Ce communiqué est très bon, il faut absolument que le monde économique breton rencontre les mouvements politiques par exemple le Parti Breton qui est le seul à avoir une position économique viable, sans cette union rien ne pourra se faire et que nous puissions arriver assez rapidement à une autonomie de la Bretagne sans quoi nous subirons le dictate de la France et sa faillite prochaine qui est maintenant acté dans l'article 43 de la Loi de Finance. Cette article dit que la France pourra ponctionner nos comptes en Banque comme à Chypre. De plus notre dette s'accroit de 1 milliard par jour. L'union fait la force alors faisons là rapidement sans quoi nous subirons la situation de notre voisin.

Yann LeBleiz
Mercredi 11 septembre 2013

@Pierre Lefort

Un privilège?

Vous dites n'importe quoi!

Le privilège, c'est de permettre à Paris de lever l'impôt et de le distribuer selon sa volonté (en commençant par eux-mêmes!)

De plus la Bretagne n'est en rien une "région" de France... Il vous suffit pour cela d'ouvrir un livre d'histoire! (Certes un petit effort est nécessaire pour cela!)

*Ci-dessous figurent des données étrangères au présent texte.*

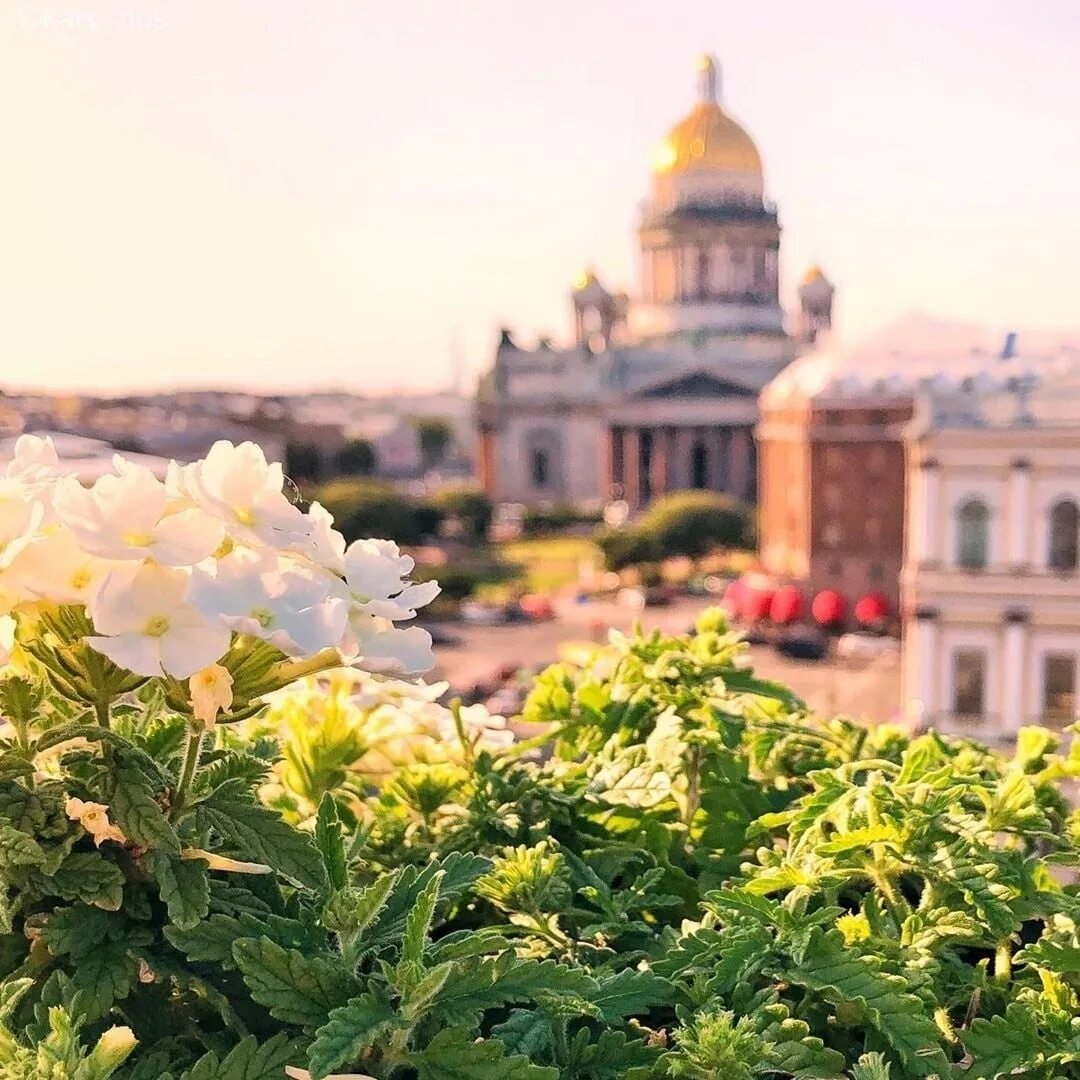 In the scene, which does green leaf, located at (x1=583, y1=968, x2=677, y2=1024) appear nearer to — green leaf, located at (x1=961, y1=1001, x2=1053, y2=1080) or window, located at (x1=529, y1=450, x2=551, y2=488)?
green leaf, located at (x1=961, y1=1001, x2=1053, y2=1080)

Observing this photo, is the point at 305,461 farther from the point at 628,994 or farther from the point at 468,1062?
the point at 468,1062

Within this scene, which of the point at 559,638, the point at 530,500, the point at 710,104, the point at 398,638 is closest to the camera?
the point at 398,638

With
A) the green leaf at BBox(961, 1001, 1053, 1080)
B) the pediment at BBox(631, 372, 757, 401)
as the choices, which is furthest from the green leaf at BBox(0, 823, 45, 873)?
the pediment at BBox(631, 372, 757, 401)

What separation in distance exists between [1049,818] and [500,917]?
23.5 inches

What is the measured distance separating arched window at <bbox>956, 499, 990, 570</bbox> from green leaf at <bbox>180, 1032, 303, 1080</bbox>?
9.19 m

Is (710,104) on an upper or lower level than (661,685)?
upper

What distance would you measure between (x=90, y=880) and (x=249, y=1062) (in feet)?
0.61

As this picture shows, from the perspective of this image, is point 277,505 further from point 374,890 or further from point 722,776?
point 722,776

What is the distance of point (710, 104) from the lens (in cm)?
3341

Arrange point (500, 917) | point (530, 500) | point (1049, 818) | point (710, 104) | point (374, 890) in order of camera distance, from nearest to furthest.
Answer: point (374, 890) < point (500, 917) < point (1049, 818) < point (710, 104) < point (530, 500)

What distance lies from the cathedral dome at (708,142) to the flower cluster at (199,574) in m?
34.1

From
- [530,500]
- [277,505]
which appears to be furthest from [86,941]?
[530,500]

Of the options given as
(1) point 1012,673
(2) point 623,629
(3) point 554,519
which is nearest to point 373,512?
(3) point 554,519

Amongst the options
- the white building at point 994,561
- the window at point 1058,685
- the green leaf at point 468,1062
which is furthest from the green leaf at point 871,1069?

La Bretagne levait ses propres impôts jusqu'à la Révolution française, et notre état étant mieux géré que celui de la France, les bretons payaient pratiquement 1/3 moins d'impôts que les français.

L'impôt est nécessaire, mais sa bonne gestion est un devoir! Un truc que la France (de Clovis à Hollande) n'arrive pas à comprendre!

yann-bêr
Samedi 14 septembre 2013

l union fait la force!ces fameux portiques sont la depuis pas mal de temps et rien n est fait!je passe régulièrement devant eux,faut il utiliser la politique ou la force pour les enlever?beaucoup de"bla bla"

eugène le tollec
Vendredi 18 octobre 2013

DVD-tags

BRETONs,la structure se met en place....mais il est très facile de contourner ce diktat centralisateur.

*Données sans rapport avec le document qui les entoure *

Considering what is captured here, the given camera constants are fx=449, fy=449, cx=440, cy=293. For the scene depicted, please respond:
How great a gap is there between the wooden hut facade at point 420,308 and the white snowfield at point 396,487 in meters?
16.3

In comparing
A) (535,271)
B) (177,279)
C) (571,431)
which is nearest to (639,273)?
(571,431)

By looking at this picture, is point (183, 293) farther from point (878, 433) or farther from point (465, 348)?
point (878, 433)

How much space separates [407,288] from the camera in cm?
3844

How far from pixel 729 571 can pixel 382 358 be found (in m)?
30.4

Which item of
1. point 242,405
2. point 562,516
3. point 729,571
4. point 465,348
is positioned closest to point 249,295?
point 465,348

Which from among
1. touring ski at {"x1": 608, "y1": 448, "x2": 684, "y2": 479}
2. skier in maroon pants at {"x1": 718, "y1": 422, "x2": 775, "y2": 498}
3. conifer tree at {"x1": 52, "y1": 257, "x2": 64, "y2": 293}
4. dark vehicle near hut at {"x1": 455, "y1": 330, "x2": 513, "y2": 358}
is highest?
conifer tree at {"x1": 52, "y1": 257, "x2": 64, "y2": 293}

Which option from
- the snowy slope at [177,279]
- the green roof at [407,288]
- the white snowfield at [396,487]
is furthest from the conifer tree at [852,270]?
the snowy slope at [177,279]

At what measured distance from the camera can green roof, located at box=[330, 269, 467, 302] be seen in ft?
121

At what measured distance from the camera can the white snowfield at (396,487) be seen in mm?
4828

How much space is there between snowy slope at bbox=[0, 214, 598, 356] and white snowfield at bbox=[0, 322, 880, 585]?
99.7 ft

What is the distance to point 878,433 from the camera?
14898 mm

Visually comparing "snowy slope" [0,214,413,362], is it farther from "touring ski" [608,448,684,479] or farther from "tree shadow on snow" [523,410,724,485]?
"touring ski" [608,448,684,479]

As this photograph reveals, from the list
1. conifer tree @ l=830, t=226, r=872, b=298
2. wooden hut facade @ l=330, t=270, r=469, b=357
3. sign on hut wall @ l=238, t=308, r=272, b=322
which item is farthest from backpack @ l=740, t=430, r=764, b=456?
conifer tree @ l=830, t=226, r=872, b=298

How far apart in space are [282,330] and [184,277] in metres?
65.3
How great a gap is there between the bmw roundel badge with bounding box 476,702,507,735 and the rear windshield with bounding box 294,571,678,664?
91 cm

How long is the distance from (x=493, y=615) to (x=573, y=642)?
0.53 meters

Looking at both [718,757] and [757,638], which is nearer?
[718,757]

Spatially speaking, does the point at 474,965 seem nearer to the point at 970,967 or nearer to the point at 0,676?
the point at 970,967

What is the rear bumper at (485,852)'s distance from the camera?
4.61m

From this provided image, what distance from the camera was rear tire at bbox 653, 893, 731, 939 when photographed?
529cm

Nous avons connaissance des lieux d'implantation sur un type de voie...alors jouons avec le réseau routier et que le trafic routier passe parle réseau des nationales et départementales(le GPS existe ,il doit gérerles trajets en évitant les portiques).

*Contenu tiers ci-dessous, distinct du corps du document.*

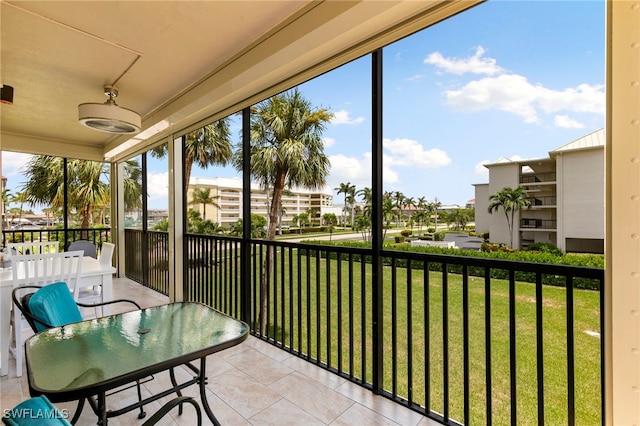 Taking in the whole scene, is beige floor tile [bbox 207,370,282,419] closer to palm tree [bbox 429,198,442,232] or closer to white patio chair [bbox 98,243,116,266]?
palm tree [bbox 429,198,442,232]

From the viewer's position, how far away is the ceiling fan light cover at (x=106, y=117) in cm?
252

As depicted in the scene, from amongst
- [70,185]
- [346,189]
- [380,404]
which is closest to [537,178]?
[380,404]

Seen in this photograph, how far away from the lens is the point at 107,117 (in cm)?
254

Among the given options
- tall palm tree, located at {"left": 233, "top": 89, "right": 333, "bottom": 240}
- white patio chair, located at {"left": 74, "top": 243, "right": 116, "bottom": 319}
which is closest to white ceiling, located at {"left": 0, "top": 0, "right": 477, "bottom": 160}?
white patio chair, located at {"left": 74, "top": 243, "right": 116, "bottom": 319}

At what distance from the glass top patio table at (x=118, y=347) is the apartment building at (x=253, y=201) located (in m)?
2.55

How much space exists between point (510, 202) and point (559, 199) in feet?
0.87

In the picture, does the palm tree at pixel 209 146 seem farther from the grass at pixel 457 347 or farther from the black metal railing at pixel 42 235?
the grass at pixel 457 347

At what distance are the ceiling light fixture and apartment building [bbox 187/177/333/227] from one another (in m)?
1.77

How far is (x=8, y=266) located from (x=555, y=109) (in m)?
4.85

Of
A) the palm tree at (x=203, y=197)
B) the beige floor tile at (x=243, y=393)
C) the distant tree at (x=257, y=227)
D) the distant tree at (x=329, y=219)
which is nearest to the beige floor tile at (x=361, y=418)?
the beige floor tile at (x=243, y=393)

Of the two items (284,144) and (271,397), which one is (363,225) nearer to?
(271,397)

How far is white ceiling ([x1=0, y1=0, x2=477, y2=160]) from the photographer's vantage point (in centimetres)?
178

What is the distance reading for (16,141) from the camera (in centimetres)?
480

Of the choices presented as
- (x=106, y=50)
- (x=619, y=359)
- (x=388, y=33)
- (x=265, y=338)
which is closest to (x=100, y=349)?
(x=265, y=338) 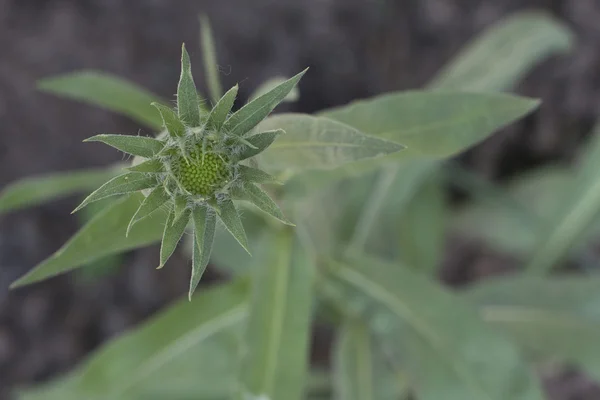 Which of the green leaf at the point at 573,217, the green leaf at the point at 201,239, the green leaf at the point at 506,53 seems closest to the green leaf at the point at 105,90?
the green leaf at the point at 201,239

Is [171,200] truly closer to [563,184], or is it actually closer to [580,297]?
[580,297]

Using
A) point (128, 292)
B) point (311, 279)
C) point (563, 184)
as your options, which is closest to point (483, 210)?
point (563, 184)

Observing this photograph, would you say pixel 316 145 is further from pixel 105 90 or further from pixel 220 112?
pixel 105 90

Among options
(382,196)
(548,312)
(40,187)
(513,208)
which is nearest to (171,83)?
(382,196)

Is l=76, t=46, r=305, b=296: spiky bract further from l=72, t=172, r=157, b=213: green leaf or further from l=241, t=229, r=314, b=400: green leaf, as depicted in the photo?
→ l=241, t=229, r=314, b=400: green leaf

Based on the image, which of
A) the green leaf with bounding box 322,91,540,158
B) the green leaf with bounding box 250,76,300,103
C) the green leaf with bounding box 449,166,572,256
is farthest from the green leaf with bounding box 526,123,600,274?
the green leaf with bounding box 250,76,300,103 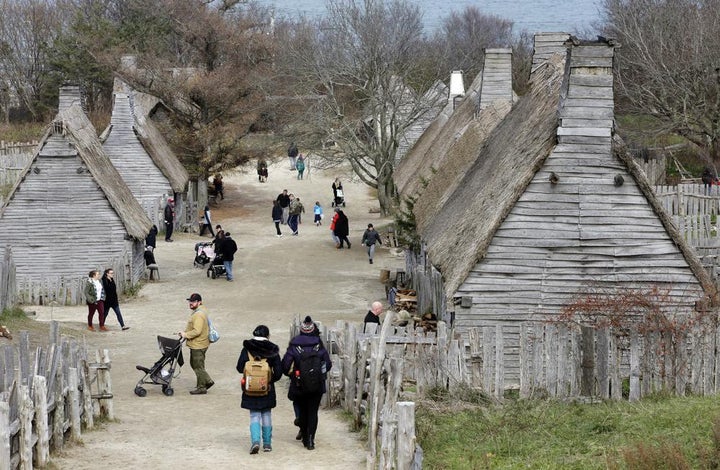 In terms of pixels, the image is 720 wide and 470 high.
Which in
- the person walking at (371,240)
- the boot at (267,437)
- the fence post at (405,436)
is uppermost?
the person walking at (371,240)

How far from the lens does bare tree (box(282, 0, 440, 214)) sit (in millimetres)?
50531

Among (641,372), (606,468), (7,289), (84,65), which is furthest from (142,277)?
(84,65)

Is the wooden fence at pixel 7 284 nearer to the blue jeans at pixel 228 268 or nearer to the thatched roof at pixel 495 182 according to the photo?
the thatched roof at pixel 495 182

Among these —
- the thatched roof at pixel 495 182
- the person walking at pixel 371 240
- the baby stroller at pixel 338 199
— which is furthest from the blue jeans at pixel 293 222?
the thatched roof at pixel 495 182

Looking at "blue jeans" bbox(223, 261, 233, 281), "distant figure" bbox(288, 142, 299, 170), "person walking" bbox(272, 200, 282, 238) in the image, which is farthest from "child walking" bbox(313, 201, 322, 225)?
"distant figure" bbox(288, 142, 299, 170)

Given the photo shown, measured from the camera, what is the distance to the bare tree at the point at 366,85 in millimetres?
50531

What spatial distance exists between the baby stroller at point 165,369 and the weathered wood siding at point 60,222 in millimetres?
15125

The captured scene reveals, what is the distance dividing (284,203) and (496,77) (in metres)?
15.1

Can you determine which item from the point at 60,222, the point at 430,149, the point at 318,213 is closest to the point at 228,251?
the point at 60,222

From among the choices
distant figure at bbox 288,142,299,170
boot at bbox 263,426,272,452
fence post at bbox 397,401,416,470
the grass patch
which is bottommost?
boot at bbox 263,426,272,452

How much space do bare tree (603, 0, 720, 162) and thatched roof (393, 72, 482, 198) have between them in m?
12.8

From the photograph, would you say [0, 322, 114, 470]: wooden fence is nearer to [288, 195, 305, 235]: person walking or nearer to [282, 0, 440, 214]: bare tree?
[288, 195, 305, 235]: person walking

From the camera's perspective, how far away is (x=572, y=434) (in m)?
14.6

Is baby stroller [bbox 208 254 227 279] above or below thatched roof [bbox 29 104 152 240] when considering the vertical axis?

Dernier point,il reste la grève des routiers(bouchons-blocage des grandes villes,etc).

L'état français ne pourra pas mettre des portiques sur toutes les routes,ni des gendarmes. N'ont plus.

Dernière remarque,à quoi ça sert des élus bretons(le paquet de soumis qui hante les couloirs,à Paris!!)

Fab85
Dimanche 10 novembre 2013

Merci pour cet article très instructif. L'ecotaxe semble vraiment être injuste, mais, toute fois, le modèle agricole "Breton", peut être lui même questionné, non? ... d’ailleurs, tout comme le modèle agricole "Français"!